Even so, Jim Marshall, the chairman of the IPA Media Futures Group, would remain sceptical. Regional TV programming has always been an expensive luxury for ITV. He adds: "I'm mystified about how local newspaper publishers could find the revenues where ITV couldn't. There just isn't enough ad money out there."
Rachel Hall, the director of regional press and radio at ZenithOptimedia, wants to believe in the Hunt blueprint - because local and regional media remain an important part of the whole fabric of the country. But she has reservations: "Consolidation might help. If there is a criticism of local media from an advertising point of view, it's that it isn't the easiest to buy. On the other hand, we'd be wary of the emergence of monopolies. We'd want a competitive market."
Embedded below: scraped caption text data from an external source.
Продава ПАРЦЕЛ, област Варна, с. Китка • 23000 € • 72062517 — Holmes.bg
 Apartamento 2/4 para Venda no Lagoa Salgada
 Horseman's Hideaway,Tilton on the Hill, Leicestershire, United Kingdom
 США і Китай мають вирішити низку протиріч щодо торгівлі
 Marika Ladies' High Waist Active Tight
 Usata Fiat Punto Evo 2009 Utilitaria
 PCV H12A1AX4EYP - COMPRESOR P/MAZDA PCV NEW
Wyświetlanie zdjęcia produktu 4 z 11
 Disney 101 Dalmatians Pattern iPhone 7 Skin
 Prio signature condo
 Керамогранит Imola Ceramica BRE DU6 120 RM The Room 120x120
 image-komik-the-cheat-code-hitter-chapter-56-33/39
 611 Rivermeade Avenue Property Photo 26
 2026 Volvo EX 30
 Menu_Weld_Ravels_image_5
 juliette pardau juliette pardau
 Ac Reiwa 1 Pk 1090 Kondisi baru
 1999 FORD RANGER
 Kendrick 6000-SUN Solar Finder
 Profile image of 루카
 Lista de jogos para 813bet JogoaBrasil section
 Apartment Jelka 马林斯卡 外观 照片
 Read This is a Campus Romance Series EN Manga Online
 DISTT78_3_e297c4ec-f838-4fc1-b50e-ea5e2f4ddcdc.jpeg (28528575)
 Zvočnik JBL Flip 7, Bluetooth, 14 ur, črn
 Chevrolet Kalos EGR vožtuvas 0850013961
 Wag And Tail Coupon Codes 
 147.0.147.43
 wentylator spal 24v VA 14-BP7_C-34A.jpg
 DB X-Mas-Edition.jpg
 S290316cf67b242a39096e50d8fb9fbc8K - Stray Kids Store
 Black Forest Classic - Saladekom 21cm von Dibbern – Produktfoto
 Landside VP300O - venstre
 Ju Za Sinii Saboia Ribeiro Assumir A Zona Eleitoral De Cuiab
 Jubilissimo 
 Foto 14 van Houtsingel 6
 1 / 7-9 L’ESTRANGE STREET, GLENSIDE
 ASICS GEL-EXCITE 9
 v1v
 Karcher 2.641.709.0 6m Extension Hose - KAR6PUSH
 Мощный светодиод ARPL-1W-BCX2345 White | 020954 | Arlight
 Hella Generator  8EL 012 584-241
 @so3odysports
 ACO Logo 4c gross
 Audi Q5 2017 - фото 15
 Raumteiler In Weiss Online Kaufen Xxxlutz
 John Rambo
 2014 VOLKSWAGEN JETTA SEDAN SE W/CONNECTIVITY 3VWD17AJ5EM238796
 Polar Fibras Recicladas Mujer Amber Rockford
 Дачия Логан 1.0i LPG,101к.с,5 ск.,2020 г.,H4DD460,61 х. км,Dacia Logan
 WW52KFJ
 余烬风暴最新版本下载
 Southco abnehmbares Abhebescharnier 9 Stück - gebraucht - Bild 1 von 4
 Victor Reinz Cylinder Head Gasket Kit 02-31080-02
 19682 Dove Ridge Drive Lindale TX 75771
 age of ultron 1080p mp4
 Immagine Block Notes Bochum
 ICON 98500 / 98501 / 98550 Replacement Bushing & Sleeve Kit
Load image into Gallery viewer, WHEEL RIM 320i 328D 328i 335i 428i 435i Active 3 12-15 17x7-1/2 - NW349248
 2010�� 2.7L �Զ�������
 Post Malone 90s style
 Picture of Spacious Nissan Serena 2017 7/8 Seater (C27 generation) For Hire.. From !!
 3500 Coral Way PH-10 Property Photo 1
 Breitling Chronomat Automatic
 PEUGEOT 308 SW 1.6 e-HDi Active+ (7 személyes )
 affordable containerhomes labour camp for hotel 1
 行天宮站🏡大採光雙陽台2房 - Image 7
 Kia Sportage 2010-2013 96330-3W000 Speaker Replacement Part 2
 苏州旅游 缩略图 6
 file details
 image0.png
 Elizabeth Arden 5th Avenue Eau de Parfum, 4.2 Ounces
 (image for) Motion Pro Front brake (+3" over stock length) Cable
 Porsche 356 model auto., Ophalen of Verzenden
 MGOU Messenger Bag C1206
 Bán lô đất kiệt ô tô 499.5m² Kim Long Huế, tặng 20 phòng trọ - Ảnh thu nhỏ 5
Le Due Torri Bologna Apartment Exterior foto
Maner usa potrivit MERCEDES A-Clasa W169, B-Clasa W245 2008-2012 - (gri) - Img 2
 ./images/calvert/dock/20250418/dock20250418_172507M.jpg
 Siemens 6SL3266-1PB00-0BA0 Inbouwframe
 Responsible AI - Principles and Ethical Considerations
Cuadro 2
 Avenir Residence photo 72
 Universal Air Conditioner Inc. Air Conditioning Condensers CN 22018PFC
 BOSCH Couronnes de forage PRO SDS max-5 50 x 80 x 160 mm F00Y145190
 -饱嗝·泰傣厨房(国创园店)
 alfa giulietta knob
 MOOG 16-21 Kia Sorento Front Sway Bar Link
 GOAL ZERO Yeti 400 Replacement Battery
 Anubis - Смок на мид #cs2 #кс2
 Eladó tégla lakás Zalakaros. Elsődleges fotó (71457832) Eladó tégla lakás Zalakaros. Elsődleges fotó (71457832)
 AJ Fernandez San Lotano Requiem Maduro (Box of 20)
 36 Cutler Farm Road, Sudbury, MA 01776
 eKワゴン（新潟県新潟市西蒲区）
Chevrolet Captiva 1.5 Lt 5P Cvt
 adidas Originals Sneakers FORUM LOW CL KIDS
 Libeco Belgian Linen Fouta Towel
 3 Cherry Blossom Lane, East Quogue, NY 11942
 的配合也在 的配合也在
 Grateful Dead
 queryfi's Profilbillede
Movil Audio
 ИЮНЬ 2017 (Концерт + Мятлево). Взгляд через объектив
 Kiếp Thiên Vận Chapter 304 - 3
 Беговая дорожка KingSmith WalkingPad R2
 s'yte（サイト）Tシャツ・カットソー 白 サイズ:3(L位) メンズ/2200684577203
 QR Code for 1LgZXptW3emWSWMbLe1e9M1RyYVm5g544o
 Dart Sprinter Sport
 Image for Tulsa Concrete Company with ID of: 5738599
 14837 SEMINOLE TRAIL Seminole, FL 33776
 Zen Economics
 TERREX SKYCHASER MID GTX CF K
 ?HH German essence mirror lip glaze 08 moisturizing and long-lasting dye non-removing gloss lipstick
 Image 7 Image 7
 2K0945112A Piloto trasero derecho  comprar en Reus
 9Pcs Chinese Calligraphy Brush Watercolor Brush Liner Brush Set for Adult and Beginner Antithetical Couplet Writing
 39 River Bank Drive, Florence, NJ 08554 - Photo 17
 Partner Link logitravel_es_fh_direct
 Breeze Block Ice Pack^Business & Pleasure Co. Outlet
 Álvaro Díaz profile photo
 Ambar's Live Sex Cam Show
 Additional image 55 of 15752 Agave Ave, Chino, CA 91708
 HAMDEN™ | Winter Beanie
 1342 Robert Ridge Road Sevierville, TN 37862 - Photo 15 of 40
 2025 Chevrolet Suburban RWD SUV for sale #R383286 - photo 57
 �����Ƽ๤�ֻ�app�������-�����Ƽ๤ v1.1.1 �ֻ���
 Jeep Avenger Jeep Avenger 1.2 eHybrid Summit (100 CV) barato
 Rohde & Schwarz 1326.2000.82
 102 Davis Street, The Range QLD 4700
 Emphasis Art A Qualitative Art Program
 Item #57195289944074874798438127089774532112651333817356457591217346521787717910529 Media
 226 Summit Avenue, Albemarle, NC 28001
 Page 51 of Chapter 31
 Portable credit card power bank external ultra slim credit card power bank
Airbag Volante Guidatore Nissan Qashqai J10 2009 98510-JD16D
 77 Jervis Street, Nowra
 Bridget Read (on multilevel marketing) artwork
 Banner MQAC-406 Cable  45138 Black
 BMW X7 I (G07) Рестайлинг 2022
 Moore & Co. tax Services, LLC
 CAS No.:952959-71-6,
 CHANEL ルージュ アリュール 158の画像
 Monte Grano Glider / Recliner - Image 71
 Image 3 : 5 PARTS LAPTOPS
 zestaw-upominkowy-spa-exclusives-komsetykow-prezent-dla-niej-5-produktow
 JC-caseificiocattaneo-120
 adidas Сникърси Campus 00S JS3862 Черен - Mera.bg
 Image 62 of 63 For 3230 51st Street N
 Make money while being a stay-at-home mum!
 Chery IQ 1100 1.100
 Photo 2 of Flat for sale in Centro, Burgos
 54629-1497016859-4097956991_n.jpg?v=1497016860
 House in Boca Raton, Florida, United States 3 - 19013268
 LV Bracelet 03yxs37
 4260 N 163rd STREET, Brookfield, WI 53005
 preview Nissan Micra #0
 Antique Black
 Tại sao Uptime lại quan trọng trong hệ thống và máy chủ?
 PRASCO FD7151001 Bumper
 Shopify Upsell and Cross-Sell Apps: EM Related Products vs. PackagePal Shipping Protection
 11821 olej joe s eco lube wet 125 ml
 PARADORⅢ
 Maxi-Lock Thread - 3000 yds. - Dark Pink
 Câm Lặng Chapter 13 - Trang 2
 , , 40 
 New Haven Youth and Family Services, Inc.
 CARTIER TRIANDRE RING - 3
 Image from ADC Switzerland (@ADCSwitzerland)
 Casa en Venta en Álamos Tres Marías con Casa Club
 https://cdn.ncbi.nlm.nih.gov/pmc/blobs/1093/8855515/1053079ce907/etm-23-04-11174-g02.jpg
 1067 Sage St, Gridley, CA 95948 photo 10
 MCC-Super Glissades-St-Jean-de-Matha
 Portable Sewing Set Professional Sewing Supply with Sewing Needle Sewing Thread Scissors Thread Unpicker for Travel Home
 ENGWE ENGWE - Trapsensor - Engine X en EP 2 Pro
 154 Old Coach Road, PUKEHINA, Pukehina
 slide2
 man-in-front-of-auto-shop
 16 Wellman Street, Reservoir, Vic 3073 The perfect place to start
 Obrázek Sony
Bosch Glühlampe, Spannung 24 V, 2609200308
But Charlotte Bell, a director of Feather Brooksbank, just doesn't believe there would be viewer demand. She says: "There is very little point in advertising to non-existent viewers - and with regional newspaper and TV news audiences dwindling, we'd question whether there is enough of an appetite for local news to sustain the stations.
"In our own Consumer Connection System research of more than 10,000 UK adults, only 11 per cent said keeping up with local news is important. The failure of previous attempts to create similar services is a big clue as to whether Hunt's plan would work."
MAYBE - Mark Dodson, chief executive, Guardian Media Group Regional Media
"For this to be successful we need to create an audience measurement system more sensitive than Barb, which will provide an industry-accepted trading mechanism."
NO - Jim Marshall, chairman, IPA Media Futures Group
"It's odd to assume that local newspaper groups could succeed where ITV has failed. It has never been viable. In the old days, ITV subsidised regional news from revenues across its other programming strands."
MAYBE - Rachel Hall, director of regional press and radio, ZenithOptimedia
"There's an opportunity for improvement in the quality of local media. And local advertisers want more opportunities to tap into it. We'd need to see the detail before judging whether it would work."
NO - Charlotte Bell, director, Feather Brooksbank
"We'd question the quality of output from these stations. Hunt seems to suggest costs can be cut by using volunteers, which hardly instils us with great confidence. Consumers will not watch poor quality programming and advertisers will not want to appear within it."